- Supreme Court of the United States

Decided February 19, 2013
- Full case name: FTC v. Phoebe Putney Health System, Inc.
- Citations: 568 U.S. 216 (more)

Holding
- State-action immunity does not apply when the state has not clearly articulated and affirmatively expressed that its plan to enter the market will substantially lessen competition.

Court membership
- Chief Justice John Roberts Associate Justices Antonin Scalia · Anthony Kennedy Clarence Thomas · Ruth Bader Ginsburg Stephen Breyer · Samuel Alito Sonia Sotomayor · Elena Kagan

Case opinion
- Majority: Sotomayor, joined by unanimous

= FTC v. Phoebe Putney Health System, Inc. =

FTC v. Phoebe Putney Health System, Inc., , was a United States Supreme Court case in which the court held that state-action immunity does not apply when the state has not clearly articulated and affirmatively expressed that its plan to enter the market will substantially lessen competition.

==Background==

Under Georgia's Hospital Authorities Law (Law), political subdivisions may create special-purpose public entities called "hospital authorities" to provide "for the operation and maintenance of needed health care facilities in the several counties and municipalities of th[e] state." The Law permits authorities to "exercise public and essential governmental functions" and delegates to them numerous general powers, including the ability to acquire and lease hospitals and other public health facilities.

The Hospital Authority of Albany-Dougherty County (Authority) owns Phoebe Putney Memorial Hospital (Memorial), one of two hospitals in the county. The Authority formed two private nonprofit corporations to manage Memorial: Phoebe Putney Health System, Inc. (PPHS) and Phoebe Putney Memorial Hospital, Inc. (PPMH). After the Authority decided to purchase the second hospital in the county and lease it to a subsidiary of PPHS, the Federal Trade Commission (FTC) issued an administrative complaint alleging that the transaction would substantially reduce competition in the market for acute-care hospital services, in violation of §5 of the Federal Trade Commission Act and §7 of the Clayton Act. The FTC and Georgia subsequently sued the Authority, PPHS, PPMH, and others (collectively defendants), seeking to enjoin the transaction pending administrative proceedings.

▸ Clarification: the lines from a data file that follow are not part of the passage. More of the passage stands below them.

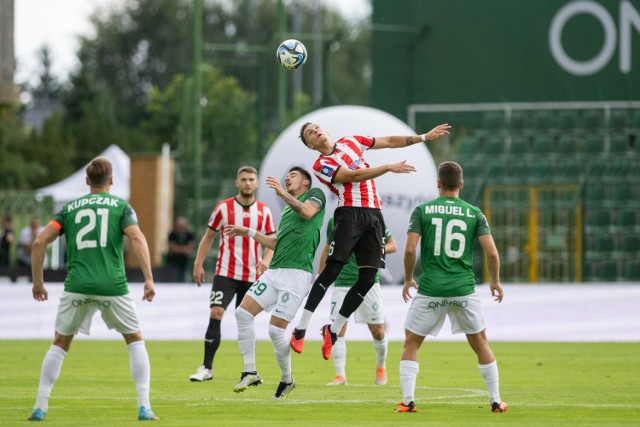 W pierwszej rundzie Cracovia zremisowała z Wartą na wyjeździe 0:0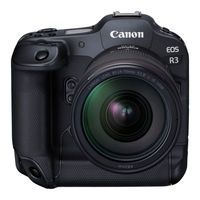 Canon EOS R3 Advanced User's Manual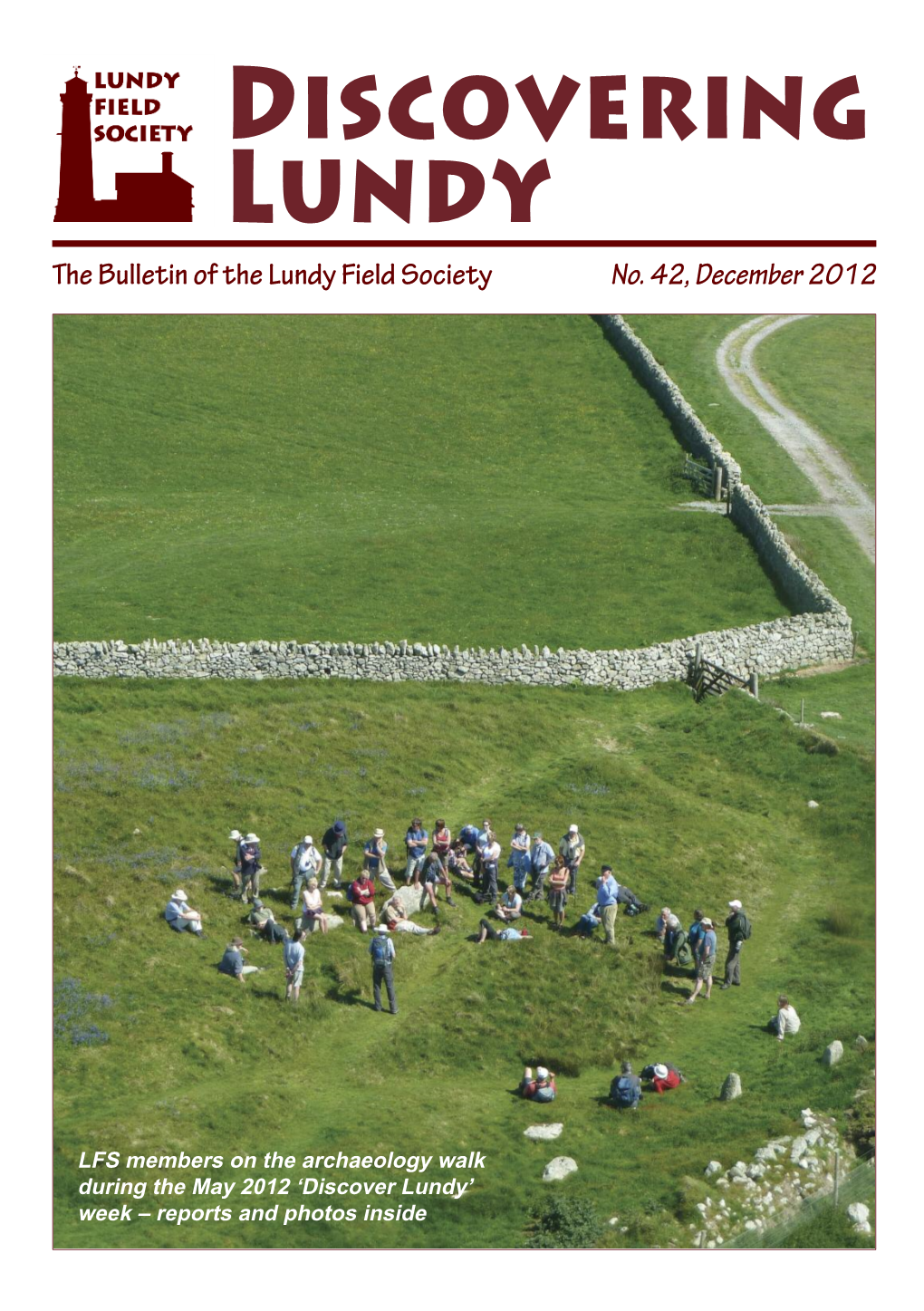 Discovering Lundy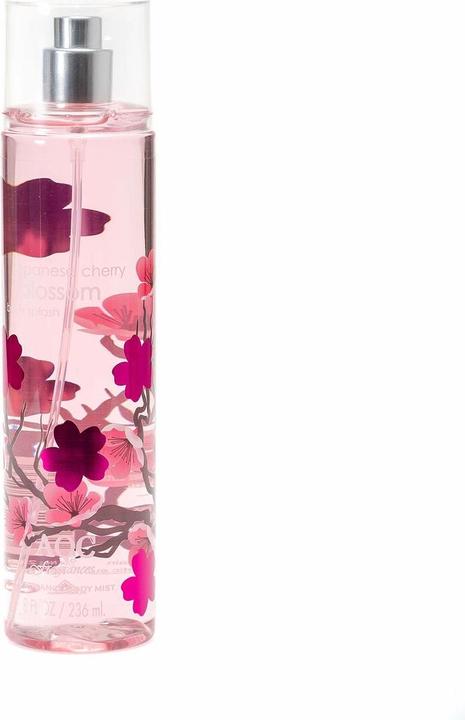 Produktbild AQC Fragrances Japanischer Kirschblüten-Körpernebel (Eau de Toilette, 236 ml)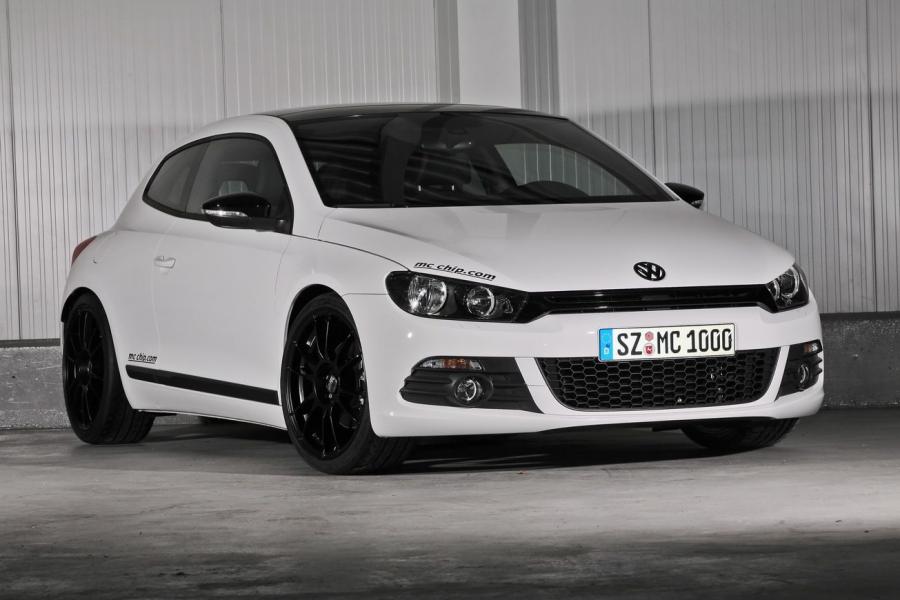 Volkswagen Scirocco 2.0 TSI by McChip-Dkr '2008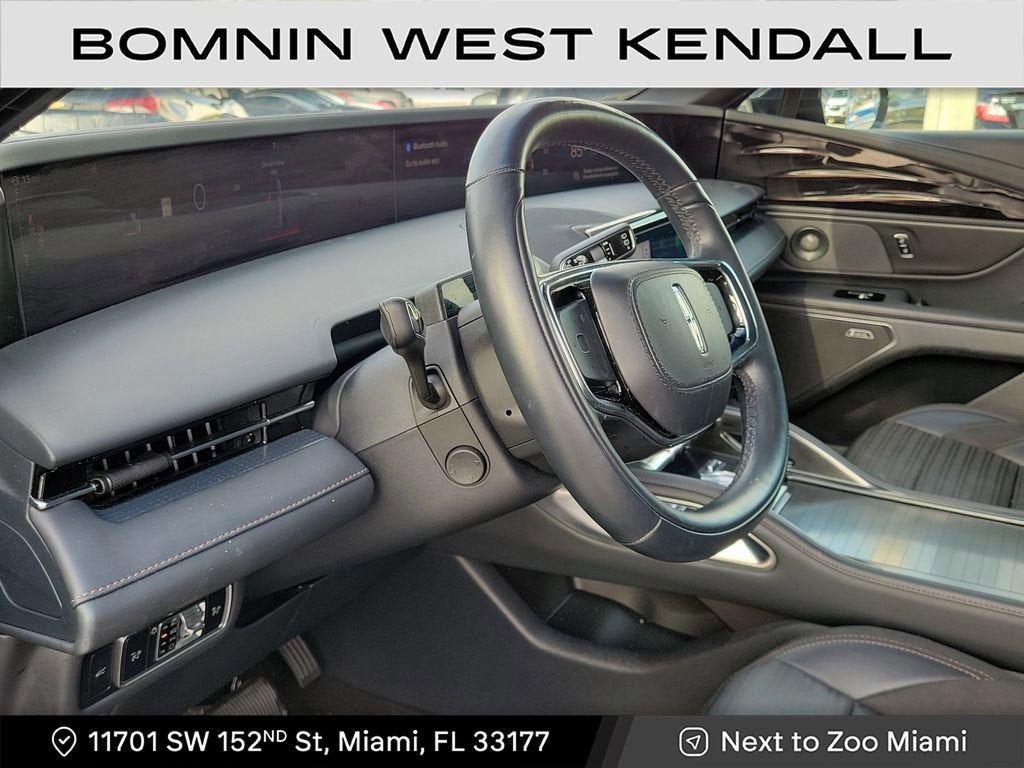 2024 Lincoln Nautilus Reserve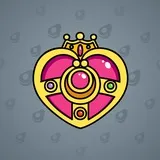 Heart Locket #498 Heart Locket #498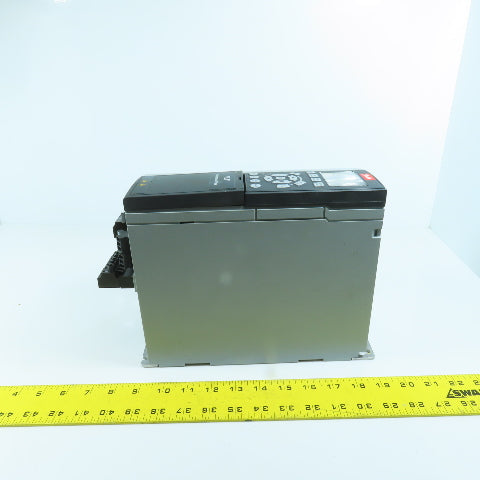 Danfoss 131B1005 FC-301P5K5T4E20H1BG 7.5HP Variable Frequency Drive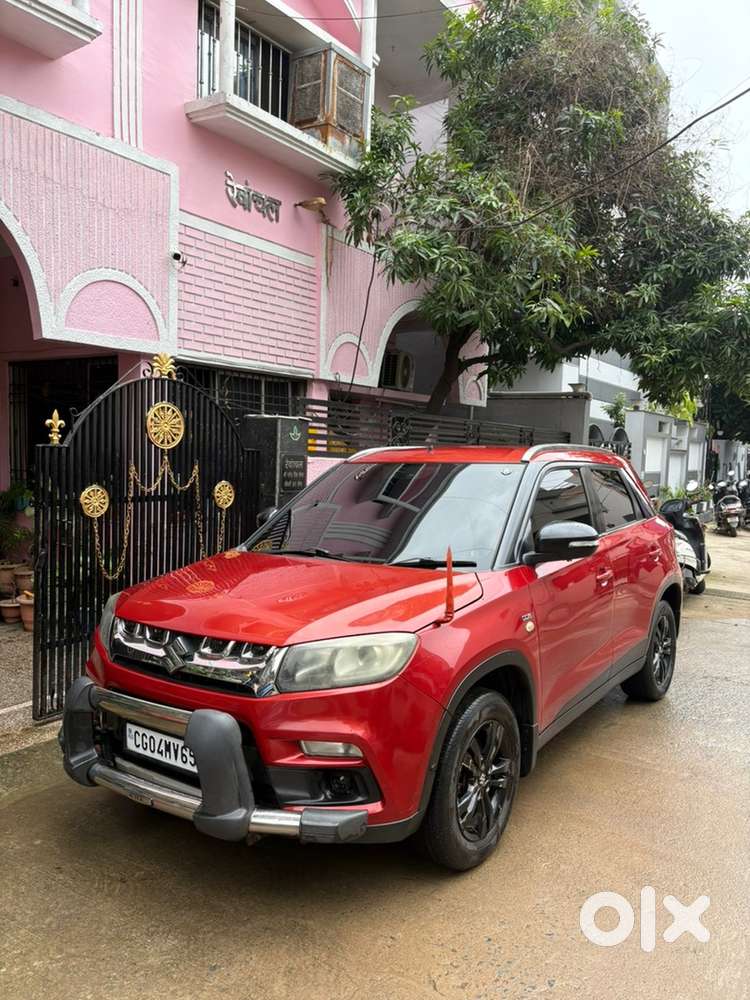 Maruti Suzuki Brezza Diesel 2019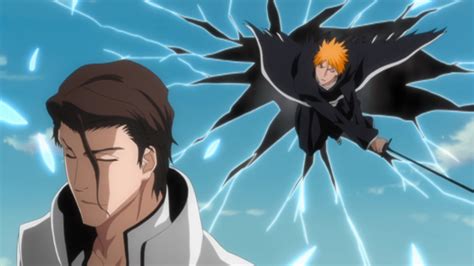 Bleach Ichigo Vs Aizen Episode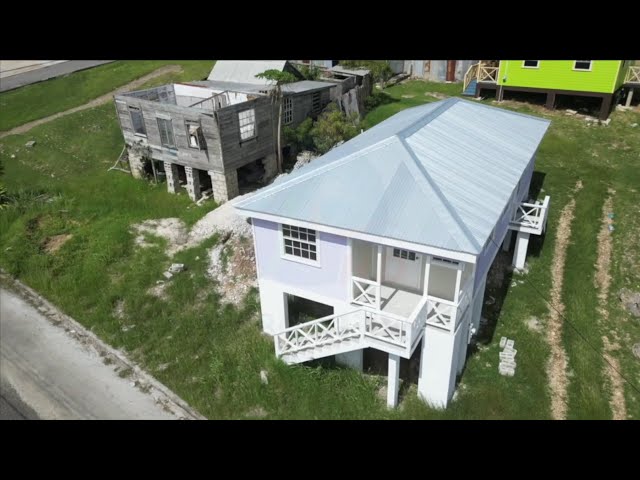 NHC building homes to withstand hurricanes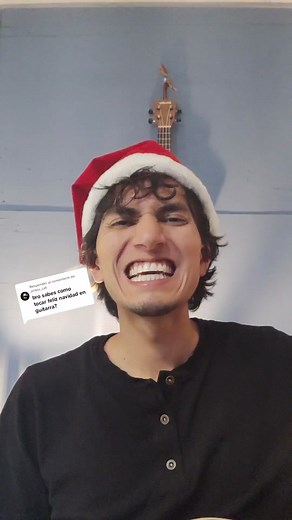 Cómo Tocar 'Feliz Navidad' en Guitarra: Tutorial Fácil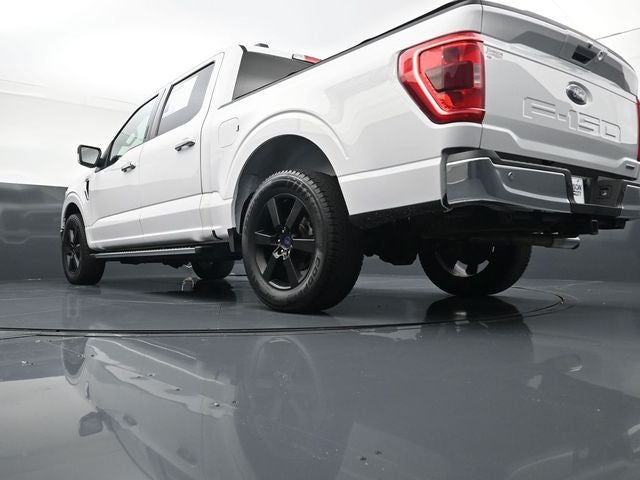2021 Ford F-150 XLT Chrome Appearance Package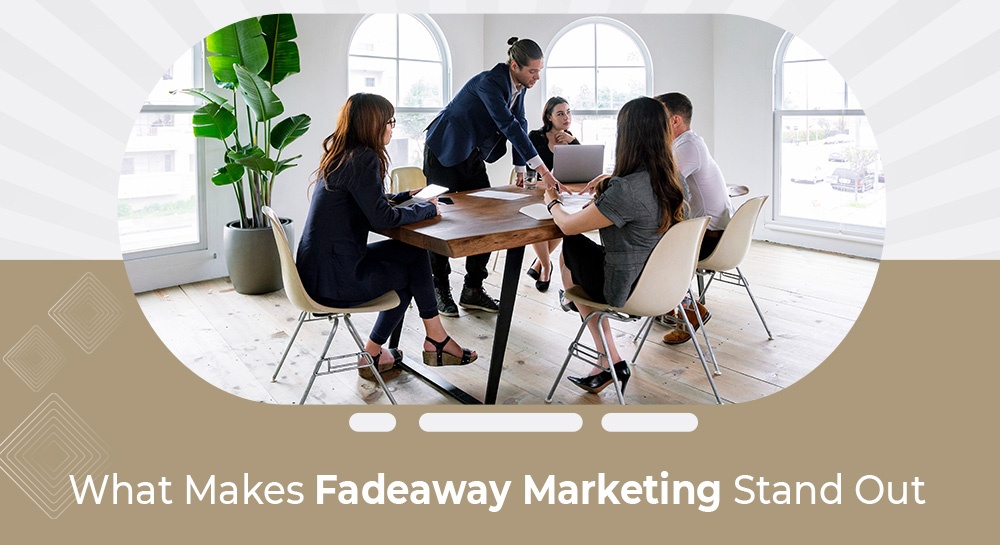 Whats New at Fadeaway Marketing
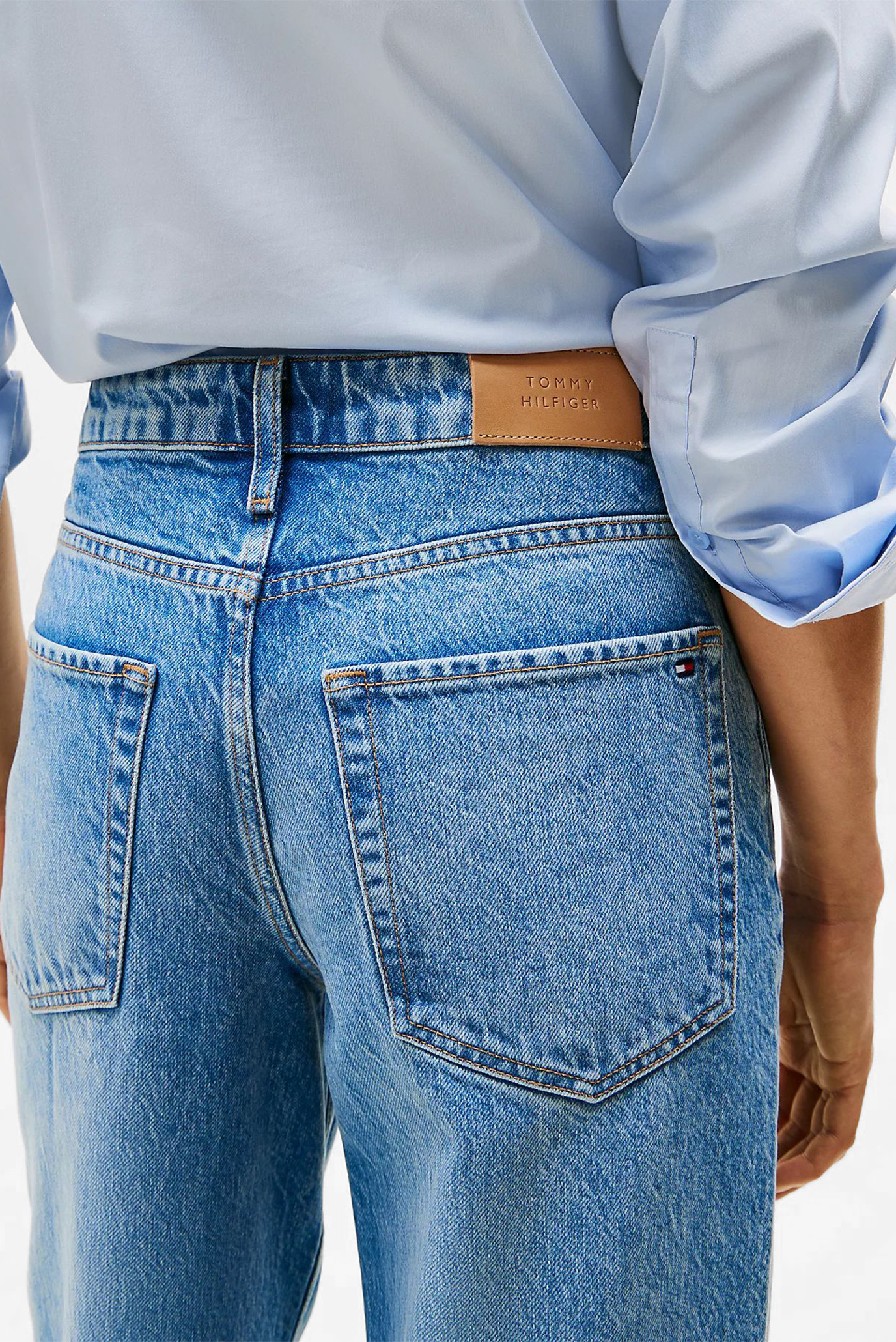 Джинсы TAPERED RW A ALITommy Hilfiger Джинсы TAPERED RW A ALI 5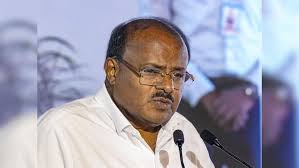 H D Kumaraswamy Wiki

The federal District Court denied the request for a preliminary injunction and granted the defendants' motion to dismiss, holding that the defendants were immune from antitrust liability under the state action doctrine. The Eleventh Circuit Court of Appeals affirmed. It concluded that the Authority, as a local governmental entity, was entitled to state-action immunity because the challenged anticompetitive conduct was a foreseeable result of the Law. The court reasoned that the state legislature could have readily anticipated an anticompetitive effect, given the breadth of the powers delegated to hospital authorities, particularly leasing and acquisition powers that could lead to consolidation of hospital ownership.

==Opinion of the court==

The Supreme Court issued an opinion on February 19, 2013.